MetabolSSMF
In MetabolSSMF: Simplex-Structured Matrix Factorisation for Metabolomics Analysis

knitr::opts_chunk$set(
   collapse = TRUE,
   comment = "#>"
 )
knitr::opts_chunk$set(fig.width=5, fig.height=4)

library(MetabolSSMF)
set.seed(12345)

Introduction

This vignette presents the $\textbf{MetabolSSMF}$ package, which implements a framework for the simplex-structured matrix factorisation (SSMF) algorithm in $\mathrm{R}$. This package provides a standard algorithm, which allows users to apply the SSMF to perform soft clustering of the data set that they are interested in. The usage of this package will be illustrated through an application to a simulated metabolomic data set. This vignette also includes the usage of:

gap statistic to select the number of clusters;
bootstrap resampling for estimating confidence intervals for the cluster prototypes;
soft adjusted Rand index for comparing known and estimated partitions;
Shannon diversity index for evaluating the average uncertainty in a soft clustering partition.

This document gives a quick tour of $\textbf{MetabolSSMF}$ functionalities. It was written in R Markdown, using the knitr package for production. See help(package="MetabolSSMF") for further details.
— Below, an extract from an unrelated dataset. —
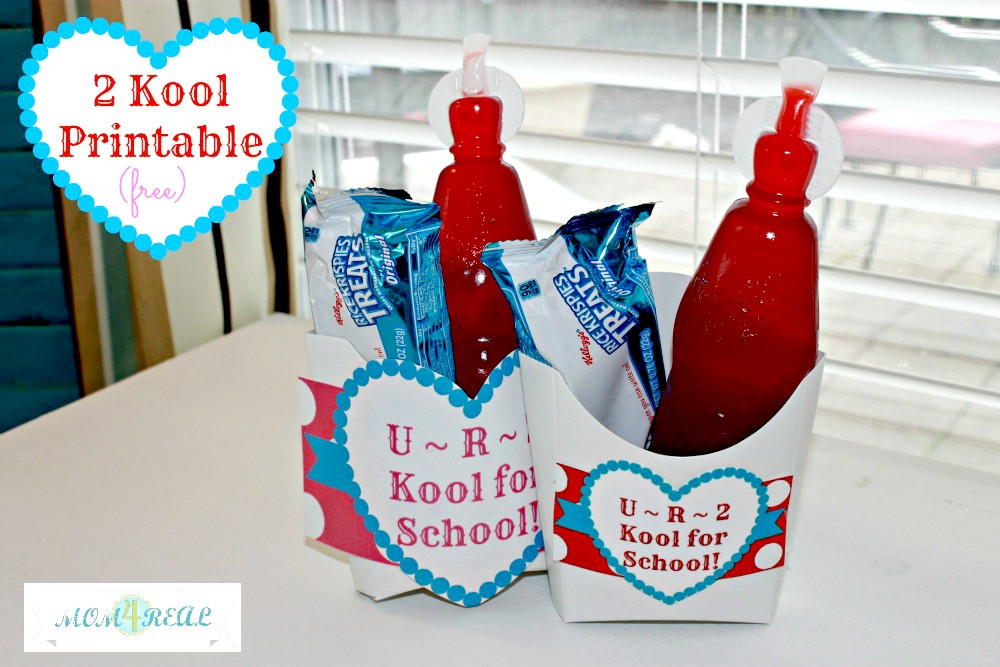 School Valentine Gift Ideas
 Homemade Valentines For Kids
$\textbf{Installation:}$ The latest version of the package can be installed from $\textbf{Github}$:

# Install the package
devtools::install_github("WenxuanLiu1996/MetabolSSMF")

# Load the package
library(MetabolSSMF)

Data

The simulated data set is created by the product of a soft membership matrix $H$ and a prototype matrix $W$. A user can use a Dirichlet distribution to generate the values for the soft membership matrix $H$ with simplex structure. $W$ can be defined using a designed pattern. The package provides a simulated data set $X$, simulated prototype matrix $W$ and simulated membership matrix $H$. These can be loaded through the code data(SimulatedDataset), data(SimulatedPrototypes) and data(SimulatedMemberships), respectively.

# Simulated data set X
X <- as.matrix(SimulatedDataset)

# Simulated W matrix (prototype matrix)
W <-  as.matrix(SimulatedPrototypes)

# Simulated H matrix (membership matrix)
H <- as.matrix(SimulatedMemberships)

Visualise the simulated data

Visualise the values of simulated prototype matrix $W$

# Define 4 different colors
color <- c(ggsci::pal_jco("default", alpha=0.8)(7)[2], ggsci::pal_jama("default", alpha=0.8)(7)[c(3:5)])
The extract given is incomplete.